To explore the inhibitory effect of Y27632 of guinea pig oocyte maturation, we compared the distribution and intensity of F-actin in oocytes after 24 h of IVM in MAT and MAT+Y27632 medium. Morphologically, F-actin intensity appeared lower in the MAT+Y27632 group than in the MAT group (Figure 3A). Further analysis showed that the average F-actin intensity in all oocytes was significantly higher in the MAT group than in the MAT+27632 (P<0.001); Figure 3Ba). When oocytes at different meiotic phases were compared, F-actin intensity was similar between MAT and MAT+Y27632 groups among GV (P>0.05; Figure 3Bb) and MII (P>0.05; Figure 3Bd) oocytes.
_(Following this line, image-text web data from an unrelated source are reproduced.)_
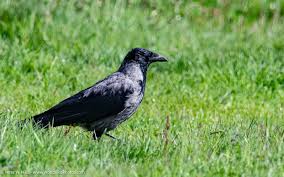 Attēlu rezultāti vaicājumam “Corvus cornix adult”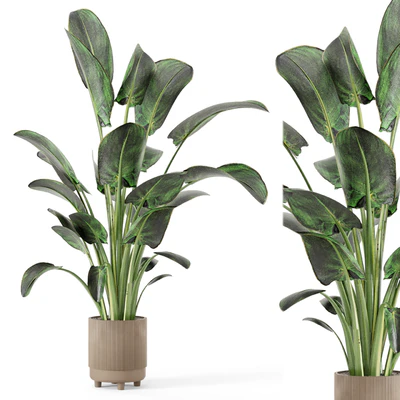 Indoor Plants  in rusty Concrete Pot - Set 582 — Вид 1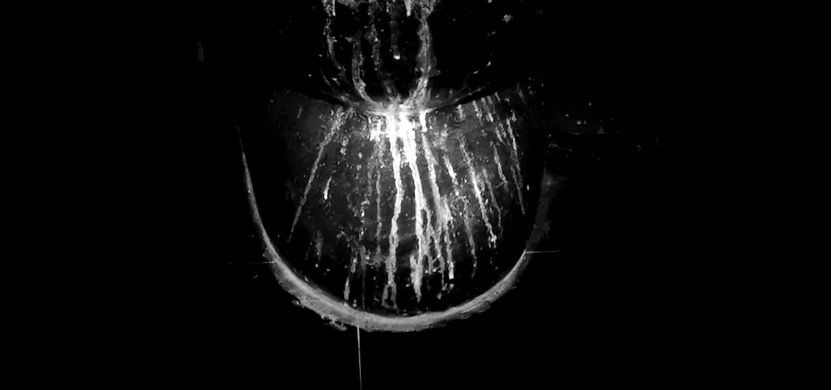 1657512638617433.jpeg image.jpeg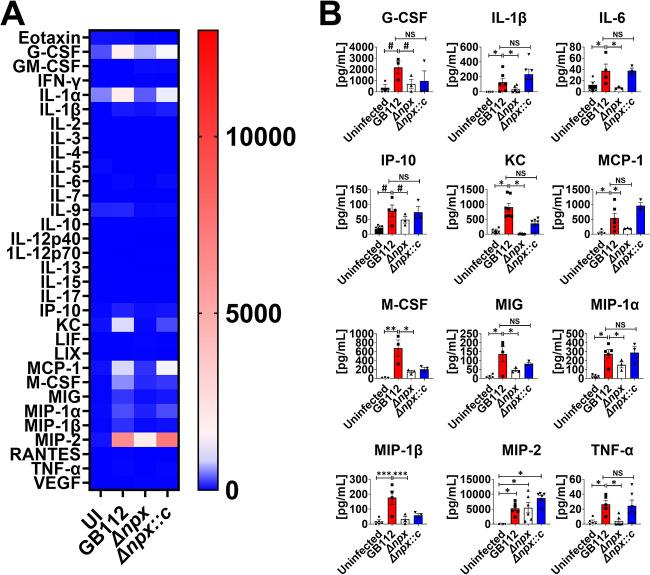 https://cdn.ncbi.nlm.nih.gov/pmc/blobs/664a/9765263/874e1ba628a0/mbio.02870-22-f007.jpg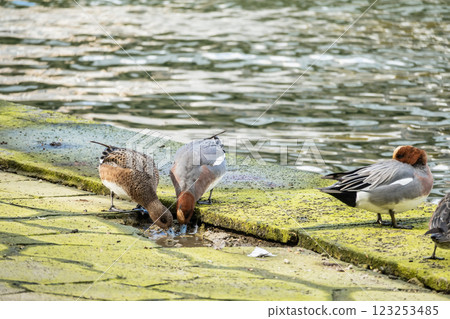 大阪市中之島公園堂島川野鴨子 123253485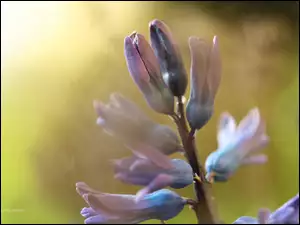 Kwiat, Hiacynt, Niebieski
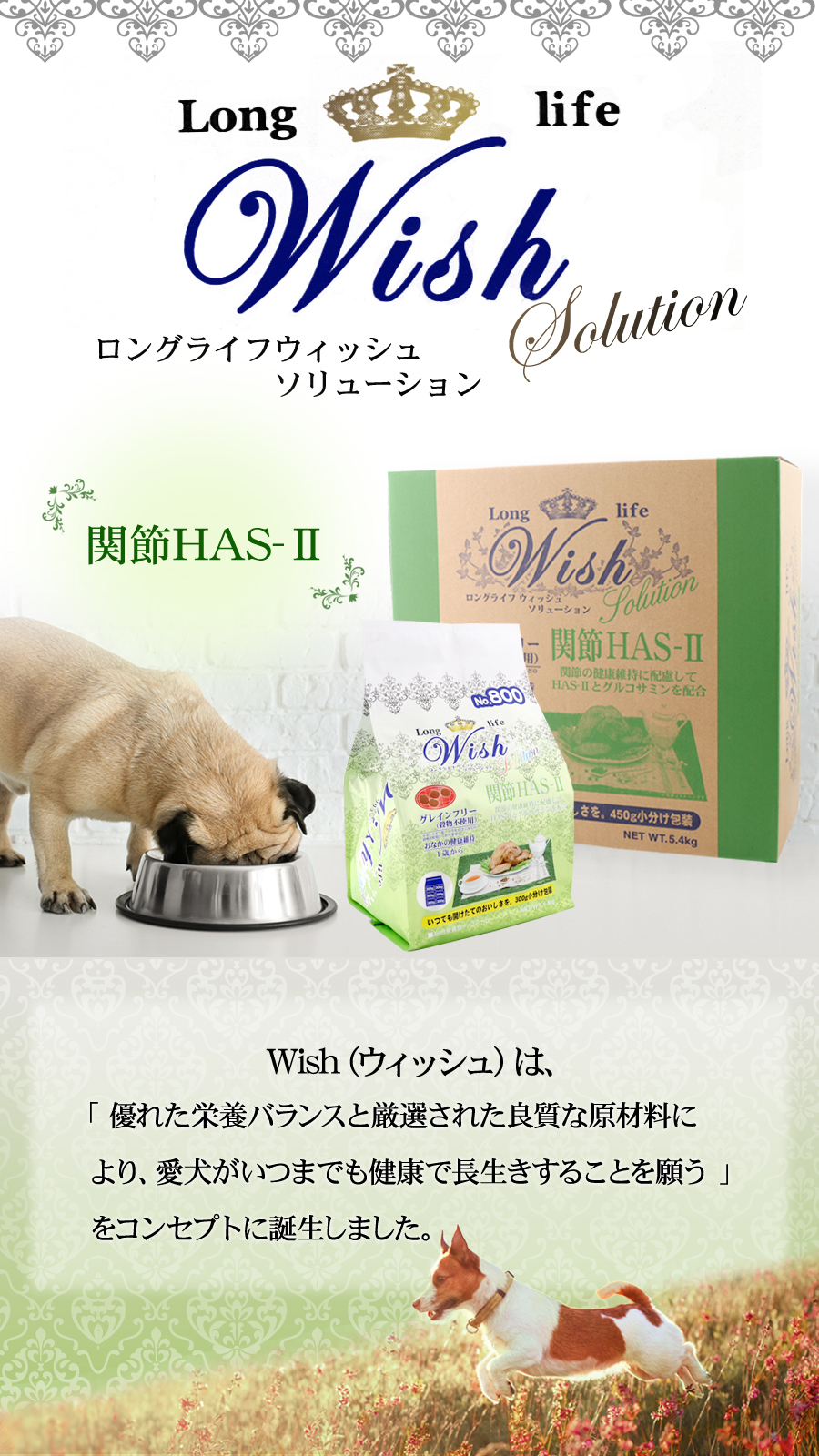ロングライフウィッシュソリューション（ドッグフード）｜犬用品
However, in MI oocytes, F-actin intensity was significantly lower in the MAT+Y27632 group than in the MAT group (P<0.01; Figure 3Bc).

Discussion

We found that the combined supplementation of Cys and LIF, but not Y27632, into IVM medium containing FSH and LH promoted the maturation of guinea pig oocytes in vitro. As many as 61.8% of type I oocytes achieved MII during 24 h of IVM in MAT+Cys+LIF medium. Supplementation with Y27632, however, inhibited the progression of oocytes through meiosis and their microfilament intensity.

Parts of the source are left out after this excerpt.